Previous evaluations of large vision-language model (LVLM) hallucinations have primarily focused on single objects. This paper introduces a novel hallucination evaluation benchmark named ROPE, which simultaneously assesses multiple objects within a single scene during testing. The authors present several empirical findings about multi-object hallucinations, including the statistical correlation in object distribution and its impact on hallucinatory responses.
优点
- The paper is well-written and clearly articulates the differences between ROPE and previous benchmarks. Especially, observations and motivations are quite reasonable.
- Multi-object hallucination is an under-explored aspect in the LVLM hallucination scene. Also, its related findings are valuable and worth further investigation.
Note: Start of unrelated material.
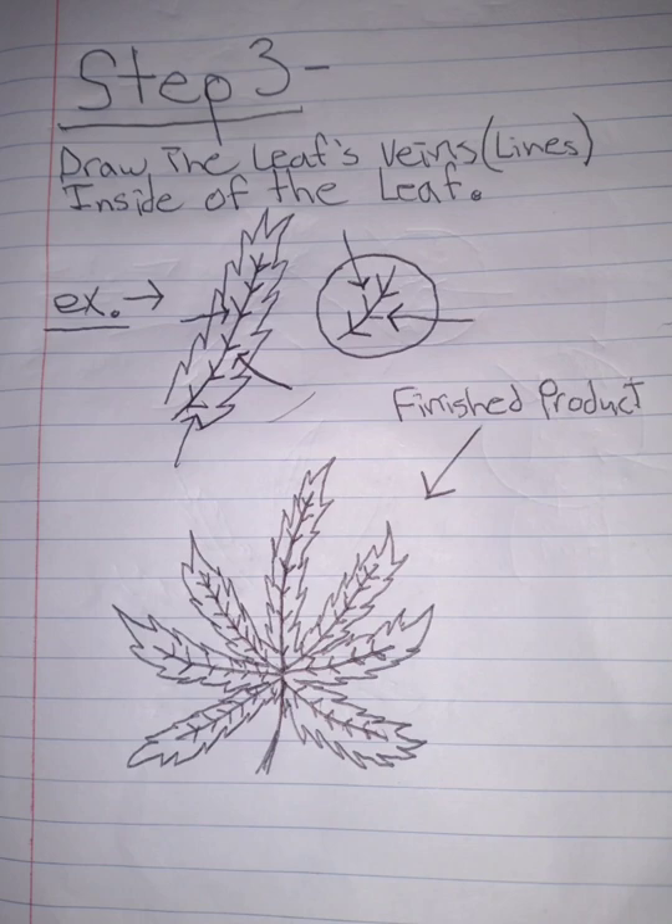Step number three: draw the leaf's veins, aka the lines inside of the leaf. This is what I believe gives the picture and the drawing texture and makes it realistic. Here's an example. Here's another example.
- The experiments and analyses conducted are extensive and detailed.
缺点
- The authors can consider adding a simple baseline method for a prospective solution for mitigating multi-object hallucinations, as a starting point.
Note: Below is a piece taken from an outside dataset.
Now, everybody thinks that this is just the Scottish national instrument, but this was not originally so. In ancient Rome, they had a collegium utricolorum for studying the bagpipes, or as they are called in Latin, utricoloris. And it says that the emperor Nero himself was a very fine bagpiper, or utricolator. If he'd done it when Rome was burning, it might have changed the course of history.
- Latency analysis in evaluation could be included to provide a more comprehensive analysis. For example, comparing 5 times single-object evaluation vs. multi-object evaluation. Also, especially for student/teacher forcing as they require multiple consecutive inferences. Understanding the time efficiency of the benchmark is important for practical applications.
问题
- Do you have any initial ideas or hypotheses for mitigating multi-object hallucinations?
- Adding a baseline methods is not a mandatory rebuttal subject, but will be a good addition to the current version.
局限性
Yes, this paper generally addressed the limitations.
Thank you for your thoughtful feedback. We are happy that you found our paper well-written, the problem novel and under-explored, and our experiments/analyses extensive and detailed. We addressed your questions and concerns below. If any residual concerns remain, we would be glad to discuss further. If no concerns remain, we would appreciate it if you could raise your score.
Q1. Initial ideas or hypotheses to mitigate multi-object hallucinations
We present an initial ideas on addressing multi-object hallucinations from a training perspective in Section 4.3. Our findings indicate that LVLMs tend to hallucinate less in homogeneous cases and more in heterogeneous cases. This suggests that LVLMs may get distracted by other objects and struggle to pay attention to the referred objects. Consequently, we propose a training-free method to mitigate this issue, see details below.
W1, Q2. Adding a baseline for multi-object hallucinations
One of the most natural way to make LVLMs "pay more attention to" what is inside the bounding box is to enlarge the amount of attention spent on the bounding box region. Since our dataset comes with ground truth bounding box regions and dimensions for each image, we retrieve the corresponding patches in the ViT that contains the bounding box region, and increase the self-attention on those tokens.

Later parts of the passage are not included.